The analysis of the diversity of material culture addressed at young children’s physical activities shows a continuum between two camps. In the first camp, the objects are designed for playful activities, games, or even “playing to do sport” and pretended play in relation to future sports practices. In the second, the objects are designed as authentic sports equipment built for institutional sports practices, for an initiation into the various sports disciplines or even early competition practices (Garnier, 2013). However, what do young children themselves consider as objects made for them? What kind of objects do they use or intend to use for their games or sport practices? For children, just as for adults, what is “good” can be a matter of dispute (Garnier, 2014). This text proposes to shed light on children’s perspectives regarding the objects that they may (or may not) use for their physical activities.
First, we will present the socio-anthropological perspective on which our research is based; then we will explain the methodology of our investigation. This methodology is based on games, and is specifically designed for investigating children’s points of view. Subsequently, we will analyse the results by examining all the ways in which, for children, objects mark gender and age identities and how they can be linked to various representations of sport and children’s mass culture, especially when objects are decorated with brand licensing of characters such as Hello Kitty. In this text we will purposefully leave open the respective definitions of “sport” and “play”, in order to analyse how children themselves define them through the ways in which they characterize the objects as being “appropriate for them” or not.

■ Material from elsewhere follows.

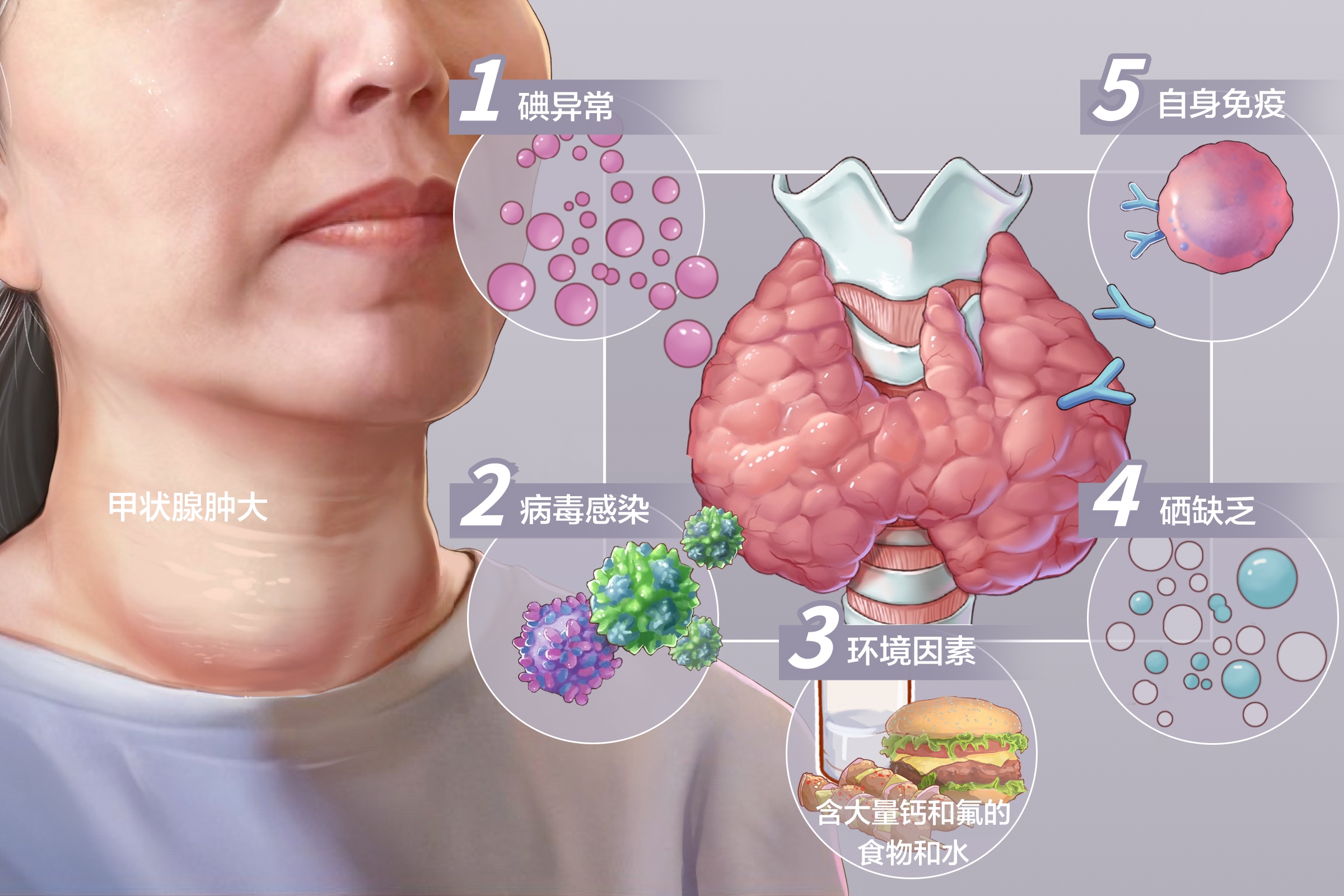 重庆治疗甲状腺肿大医院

Objects: Services for marking and making children’s identities
Developed from the 1980s onwards by Latour (1988), actor-network theory leads to a renewal of the understanding of children’s bodies by giving a new importance to material culture and emphasizing the associations between humans and artifacts. This perspective also underlines how the reality of the world is put to the test by actors, by analyzing how the multiple dichotomies of our modern categories of thought are constructed and performed, such as individual and collective actors, agency and structure, nature and culture, etc. (Garnier, 1995). Additionally, gender studies, postcolonial studies and also disability studies further emphasize the importance of the body and its materiality. Notably, in relation to language, Butler (1993, 1998) underlines gendered performances where the body’s materiality is an effect of power relations. All of these studies participate in a critical and reflexive study of norms, values and classifications regarding the body, which are put to test in reality and are enacted into practices (Garnier, 2020). Finally, instead of definitions of children’s bodies conveying tense relationships between social and cultural constructions and a biological reality, researchers may empirically study how the actors themselves, including children, are involved in inquiries regarding the relative importance of its materiality and its power. It is also clear, for instance in Evaldsonn’s (2003) ethnographic observations of migrant girls’ games, that the physicality of the body is also closely related to the social context of children’s activities, including the composition of peer groups.

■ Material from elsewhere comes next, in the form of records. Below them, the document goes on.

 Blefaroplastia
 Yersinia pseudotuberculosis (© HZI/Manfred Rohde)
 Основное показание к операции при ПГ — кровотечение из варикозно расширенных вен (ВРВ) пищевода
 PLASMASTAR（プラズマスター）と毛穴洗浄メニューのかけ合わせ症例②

In this research, our aim is to stress the importance of material culture considered from a double perspective, technological and semiotic, in order to understand how the objects perform children’s bodies and what they mean for the children (Garnier, 2012). On the one hand, the technological dimension of the objects – size, weight, and more generally affordances (Gibson, 1979) refers to the wholeness of one’s behavior (physiological, psychological and social) as Mauss (1973) showed in his famous text, Techniques of the body. On the other side, the semiotic study of the objects is in line with the anthropological approach of the consumption of goods coined by Douglas and Isherwood (1979). Their perspective underlines the link between moral judgments, cognitive categories and objects: it is through the objects that a culture acquires stability and consistency, that it becomes visible and convincing. Goods also provide a “service of marking”: “every good can be perceived as a simple sample, a simple part of a flow of markings which participates in the elaboration of a system of classification” (Douglas and Isherwood, 1979: 97). This “service of marking” participates in the definition of one’s identity.
Many studies have investigated gender attributions of clothes, toys, youth literature, etc., and how these artifacts convey gender stereotypes from an early age (Martinez and Ames, 1997). However, age differences are less often taken into account. The processes of categorization of the objects go hand-in-hand with age classifications, even if their relationship is always relative to different contexts or situations. Objects assign ages to individuals: sometimes they are “too small” or “too big” for a certain child; reciprocally, sometimes children are “too young” or “too old”, to have a particular item. Often at the heart of conflicts and negotiations between parents and children, the objects also act as markers of “normality” in relation to the children’s development or rites of passage, for example when the child changes his/her bicycle (Clarke, 2008).
Objects are equally essential in social relationships between children. Peer groups present strong hierarchies between children of different ages: “Children do not just learn age concepts, they also develop complex ideas about a global age structure. In the case of peer groups, the age structure is also a hierarchy, and as such it is ‘based on a system of inequality’” (Passuth, 1987: 189). As Passuth points out, children consider age as commensurate to knowledge within the social hierarchy, not as a logical-mathematical number of years. This hierarchy involves power relations marked by tests of strength, but also a moral sense of what a “legitimate” behavior is at a given age. It appears in children’s criticism of other children who supposedly act “too old” or “too young” for their age: “Some age differences are legitimate, while others are illegitimate” (Passuth, 1987: 189).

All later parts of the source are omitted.